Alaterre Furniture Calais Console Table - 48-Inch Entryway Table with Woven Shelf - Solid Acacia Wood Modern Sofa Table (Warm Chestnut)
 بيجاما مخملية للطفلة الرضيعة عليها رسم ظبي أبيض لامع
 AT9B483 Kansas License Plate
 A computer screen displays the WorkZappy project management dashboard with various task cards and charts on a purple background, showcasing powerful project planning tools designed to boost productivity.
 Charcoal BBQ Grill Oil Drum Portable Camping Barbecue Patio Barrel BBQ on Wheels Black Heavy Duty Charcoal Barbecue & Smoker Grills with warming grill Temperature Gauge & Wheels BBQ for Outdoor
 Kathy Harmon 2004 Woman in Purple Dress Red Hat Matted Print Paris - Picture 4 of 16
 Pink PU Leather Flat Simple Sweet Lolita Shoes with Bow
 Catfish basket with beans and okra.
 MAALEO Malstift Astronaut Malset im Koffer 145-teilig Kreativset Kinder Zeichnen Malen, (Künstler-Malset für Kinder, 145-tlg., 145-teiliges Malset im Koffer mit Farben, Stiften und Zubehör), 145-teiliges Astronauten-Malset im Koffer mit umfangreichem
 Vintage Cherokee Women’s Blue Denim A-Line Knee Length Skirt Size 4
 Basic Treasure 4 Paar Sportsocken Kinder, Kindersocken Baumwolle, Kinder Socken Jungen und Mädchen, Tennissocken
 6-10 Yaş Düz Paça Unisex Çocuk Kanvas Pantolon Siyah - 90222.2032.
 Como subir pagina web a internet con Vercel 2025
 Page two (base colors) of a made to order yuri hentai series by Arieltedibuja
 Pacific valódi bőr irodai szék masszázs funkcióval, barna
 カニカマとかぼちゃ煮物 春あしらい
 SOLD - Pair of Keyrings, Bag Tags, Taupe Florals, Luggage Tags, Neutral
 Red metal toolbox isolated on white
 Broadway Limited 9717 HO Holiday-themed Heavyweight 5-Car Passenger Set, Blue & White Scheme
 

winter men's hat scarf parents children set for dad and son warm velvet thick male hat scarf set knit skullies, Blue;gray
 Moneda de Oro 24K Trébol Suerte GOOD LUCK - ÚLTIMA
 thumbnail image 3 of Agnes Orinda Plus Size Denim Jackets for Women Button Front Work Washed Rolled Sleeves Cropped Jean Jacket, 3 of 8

§ Required work: Show every line in the listing above that carries the word "Denim".

§ Exercise solution:
 Vintage Cherokee Women’s Blue Denim A-Line Knee Length Skirt Size 4
 thumbnail image 3 of Agnes Orinda Plus Size Denim Jackets for Women Button Front Work Washed Rolled Sleeves Cropped Jean Jacket, 3 of 8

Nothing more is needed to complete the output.